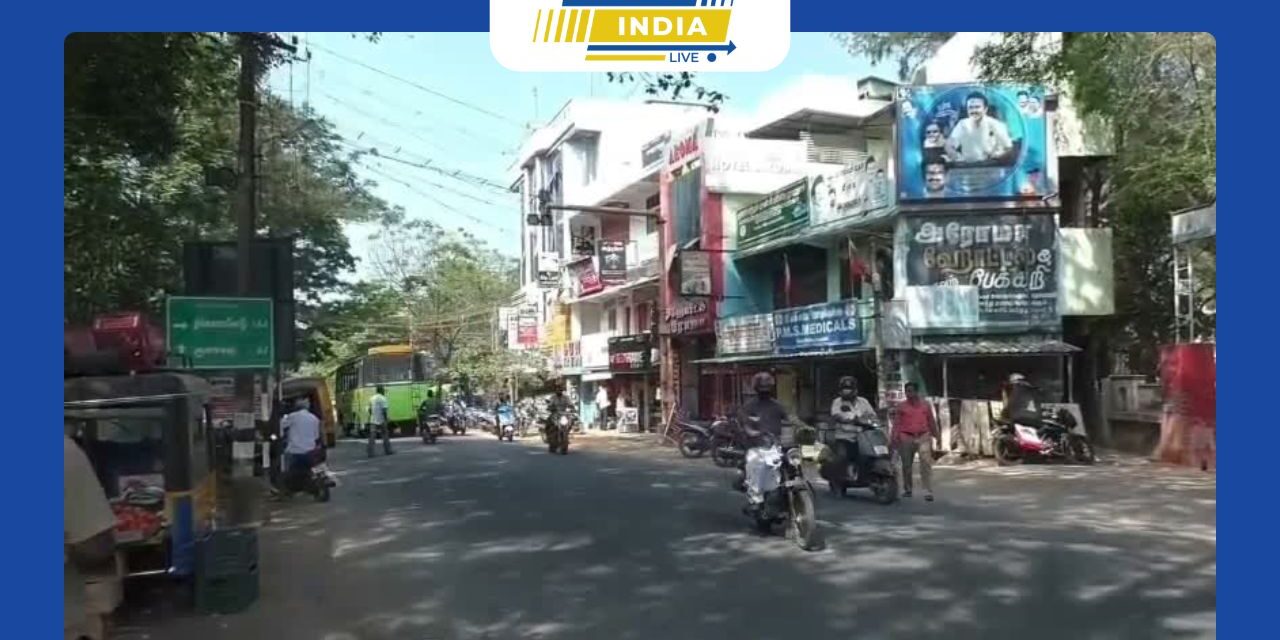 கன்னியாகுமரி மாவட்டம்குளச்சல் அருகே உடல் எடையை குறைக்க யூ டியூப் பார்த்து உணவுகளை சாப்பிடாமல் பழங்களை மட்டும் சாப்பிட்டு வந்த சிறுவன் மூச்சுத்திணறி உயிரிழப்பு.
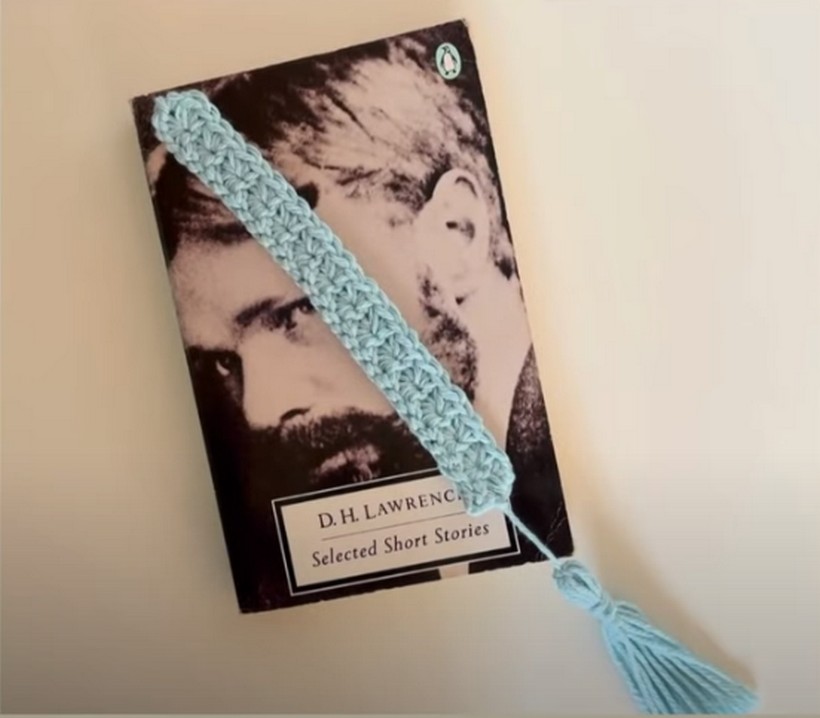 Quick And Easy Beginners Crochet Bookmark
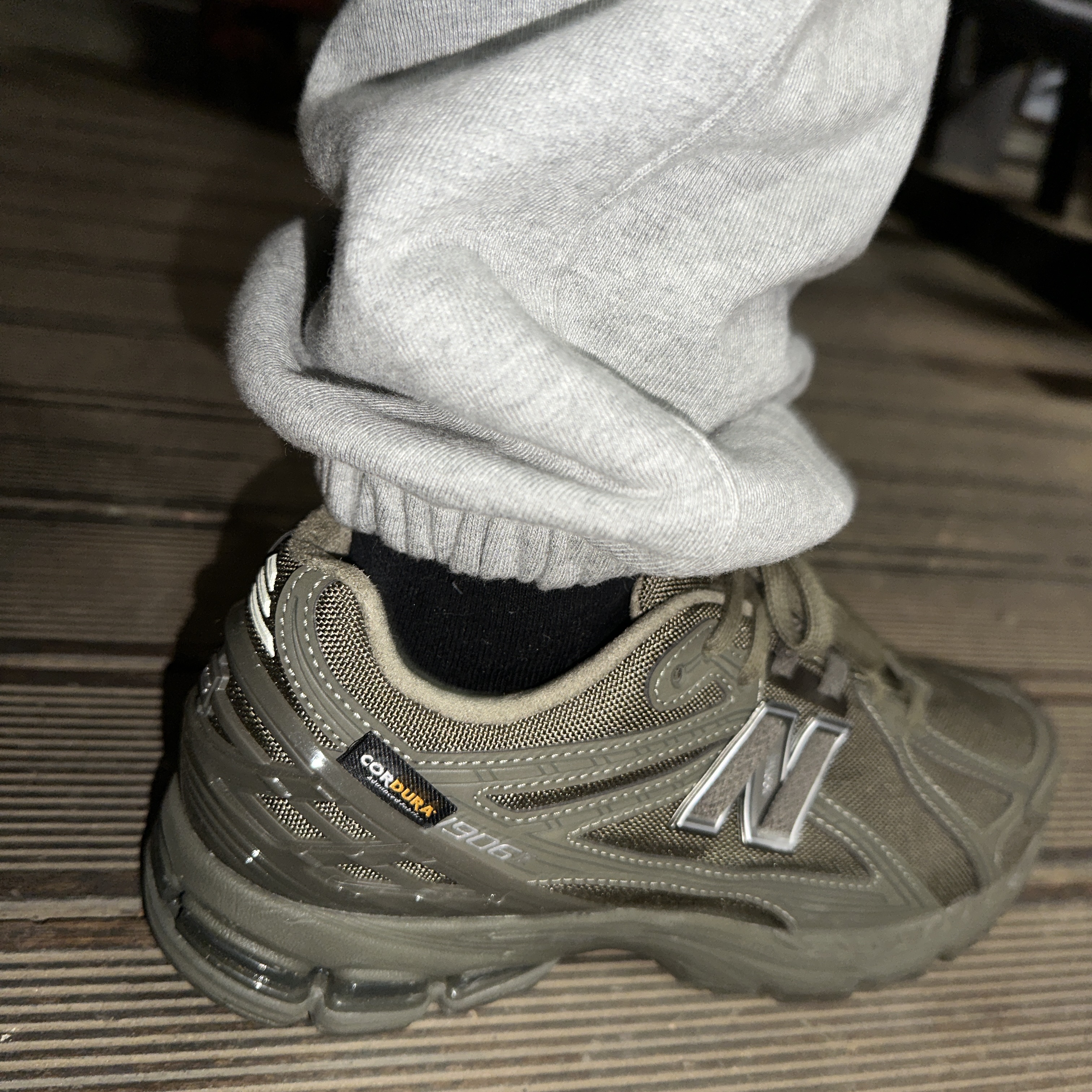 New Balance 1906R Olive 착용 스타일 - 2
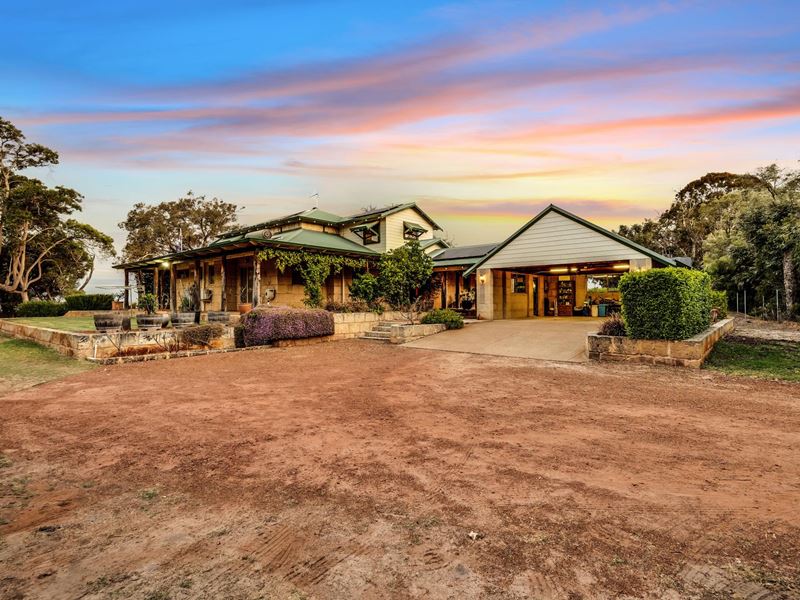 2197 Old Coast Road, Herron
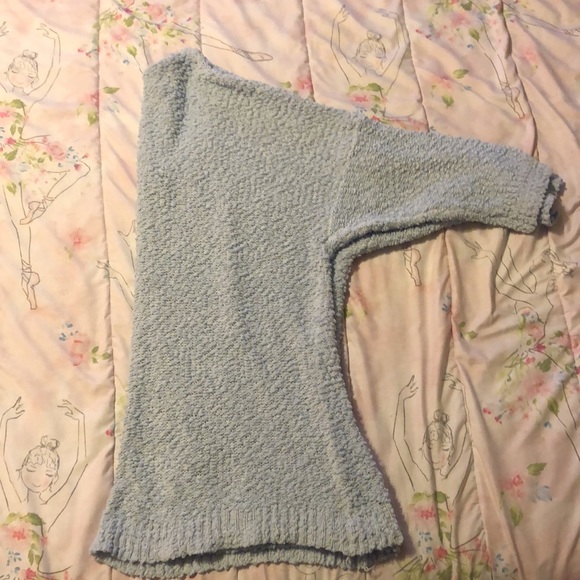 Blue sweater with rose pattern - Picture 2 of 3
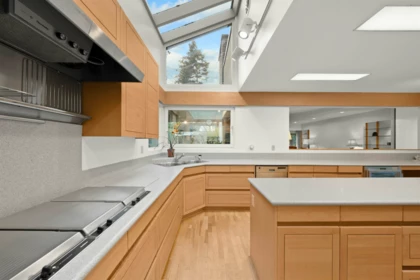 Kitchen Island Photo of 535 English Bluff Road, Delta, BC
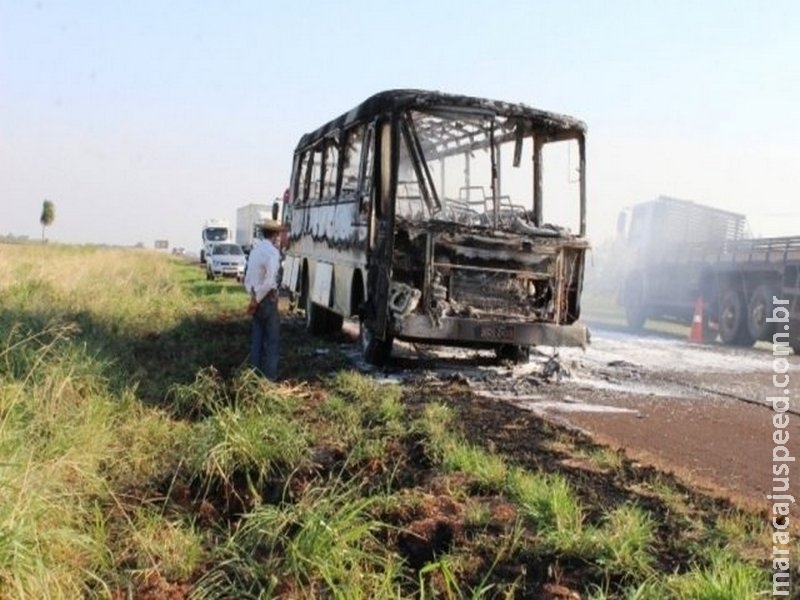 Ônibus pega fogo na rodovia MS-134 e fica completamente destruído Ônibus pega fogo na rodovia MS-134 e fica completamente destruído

▸ WHAT NEEDS TO BE DONE: Skip the images and write out the rest of the listing exactly.

▸ YOUR SOLUTION:
 கன்னியாகுமரி மாவட்டம்குளச்சல் அருகே உடல் எடையை குறைக்க யூ டியூப் பார்த்து உணவுகளை சாப்பிடாமல் பழங்களை மட்டும் சாப்பிட்டு வந்த சிறுவன் மூச்சுத்திணறி உயிரிழப்பு.
 Quick And Easy Beginners Crochet Bookmark
 New Balance 1906R Olive 착용 스타일 - 2
 2197 Old Coast Road, Herron
 Blue sweater with rose pattern - Picture 2 of 3
 Kitchen Island Photo of 535 English Bluff Road, Delta, BC
 Ônibus pega fogo na rodovia MS-134 e fica completamente destruído Ônibus pega fogo na rodovia MS-134 e fica completamente destruído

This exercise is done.